Supplied records section start

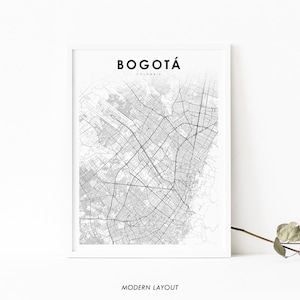 Impressão de mapa de Bogotá Colômbia, pôster de arte de mapa de Bogotá, impressão de mapa de estrada de rua da cidade, decoração de parede de quarto de berçário, mapa imprimível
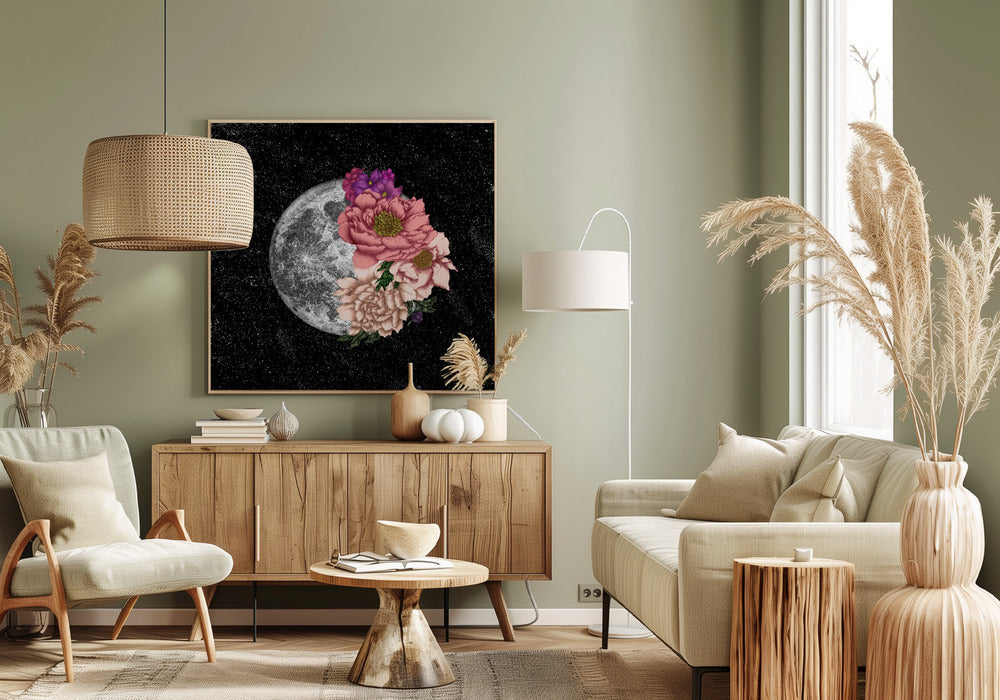 Full Moon with Pink and Cream Flowers Canvas Wall Art | Moon Abloom New Square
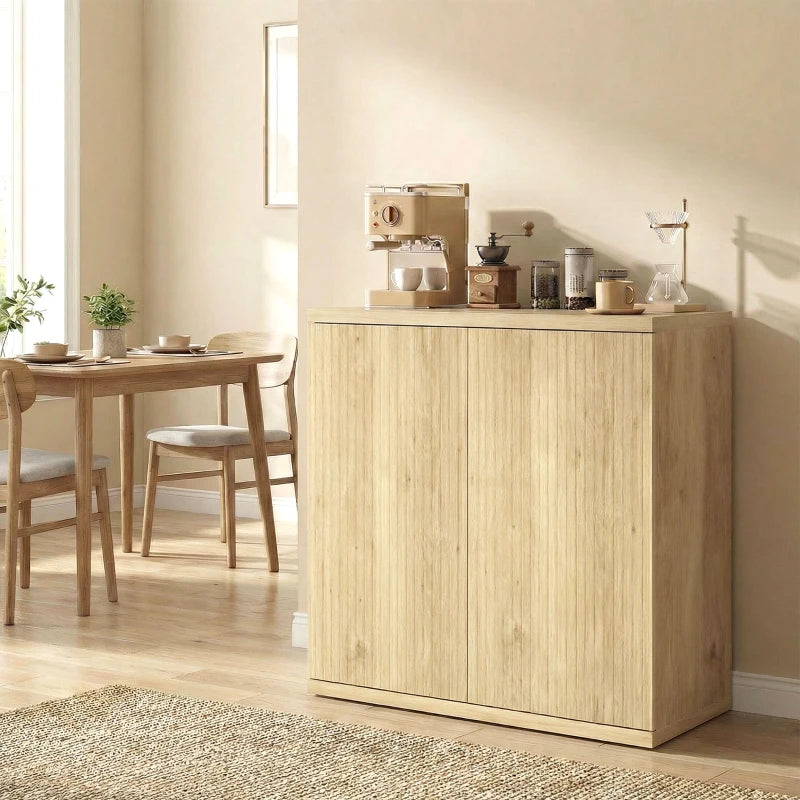 Sideboard Buffet Cabinet, 30.7" Modern Kitchen Storage Cabinet with Soft-Close Door and Adjustable Shelves, Oak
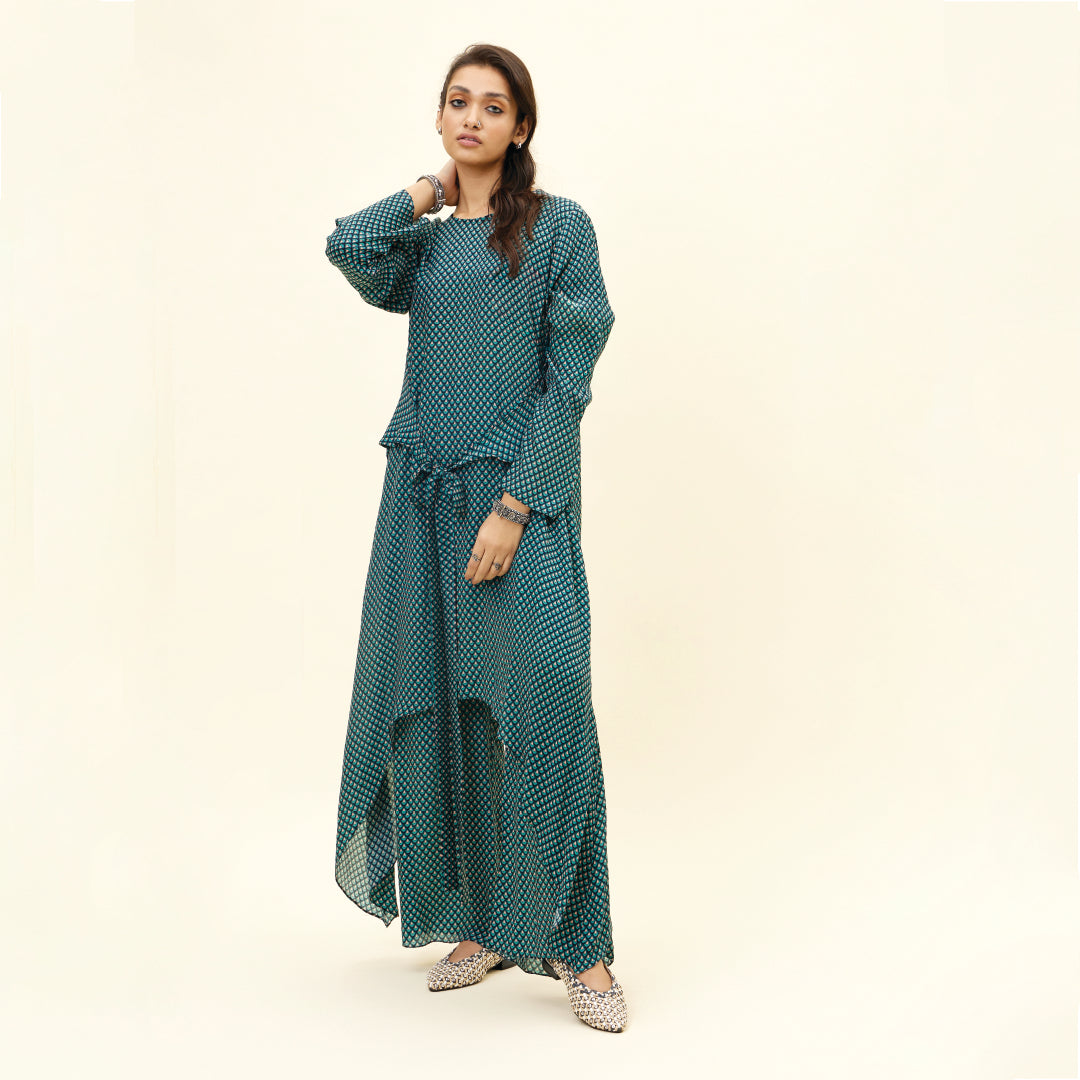 BLUE BUTTI PRINT FRONT TIE UP TUNIC SET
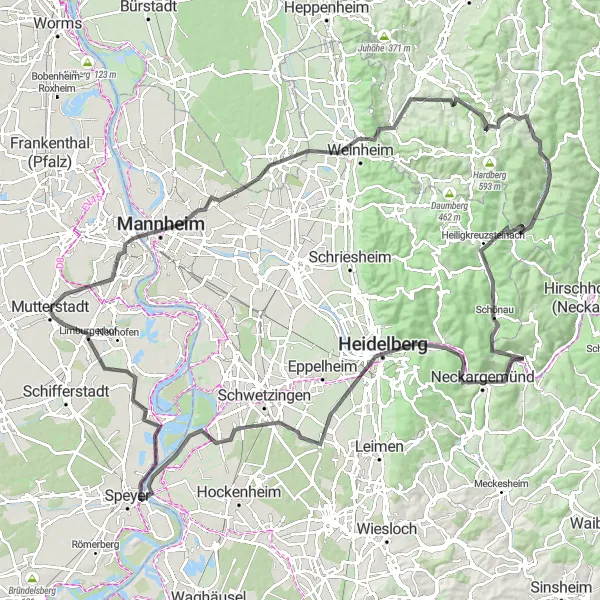 Karten-Miniaturansicht der Radinspiration "Rund um den Michaelsberg" in Rheinhessen-Pfalz, Germany. Erstellt vom Tarmacs.app-Routenplaner für Radtouren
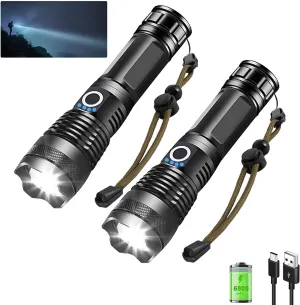 Rechargeable Flashlights High Lumens LED,Home Outdoor Emergency Powerful Flash Light Power Super Bright Torch Camping Hiking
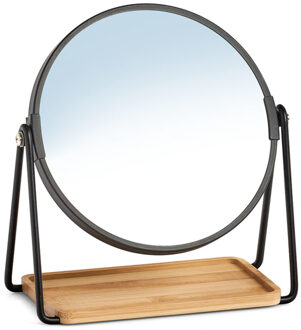 Zeller Make-up spiegel metaal/bamboe 17,5 x 20,5 cm
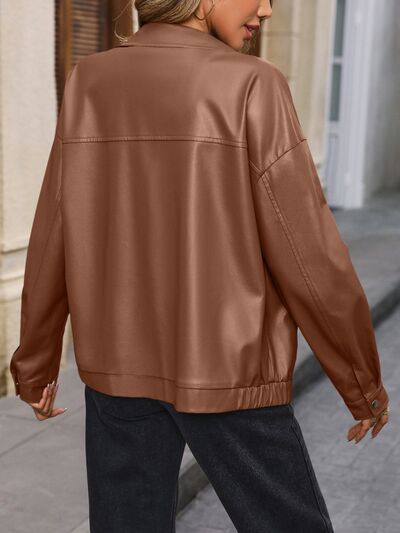 Pocketed Zip Up Collared Neck Jacket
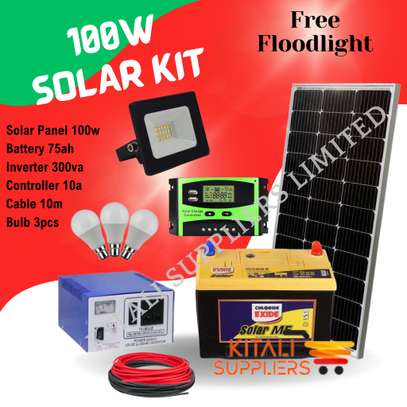 120W Solar fullkit with CHLORIDE EXIDE 75 MF image 1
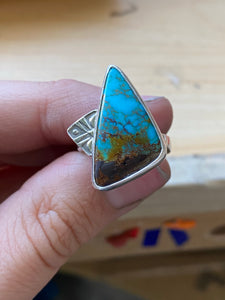 Kingman Turquoise Ring with Geometric Accent—size 5.75
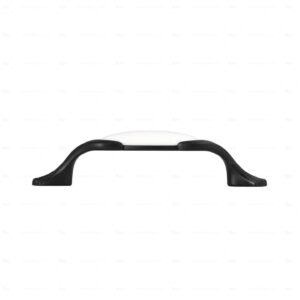 Poignée pour meubles en zamac et  Porcelaine  Entraxe 96  Vernis noir mat – Image 2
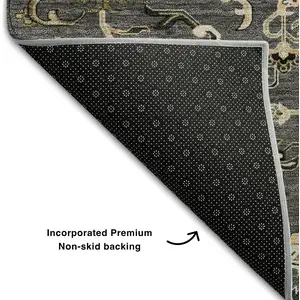 Photo of Black Gold And Beige Oriental Washable Area Rug With UV Protection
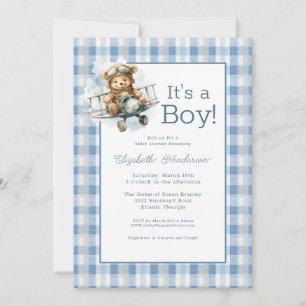 It's a Boy Blue Airplane Baby Shower Invitation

Supplied records section end

| What to work on |
Once you find the line containing "Zeller Make-up spiegel", transcribe it and each line after it to the end of the records exactly, and leave out the pictures.

| Solution for this task |
 Zeller Make-up spiegel metaal/bamboe 17,5 x 20,5 cm
 Pocketed Zip Up Collared Neck Jacket
 120W Solar fullkit with CHLORIDE EXIDE 75 MF image 1
 Kingman Turquoise Ring with Geometric Accent—size 5.75
 Poignée pour meubles en zamac et  Porcelaine  Entraxe 96  Vernis noir mat – Image 2
 Photo of Black Gold And Beige Oriental Washable Area Rug With UV Protection
 It's a Boy Blue Airplane Baby Shower Invitation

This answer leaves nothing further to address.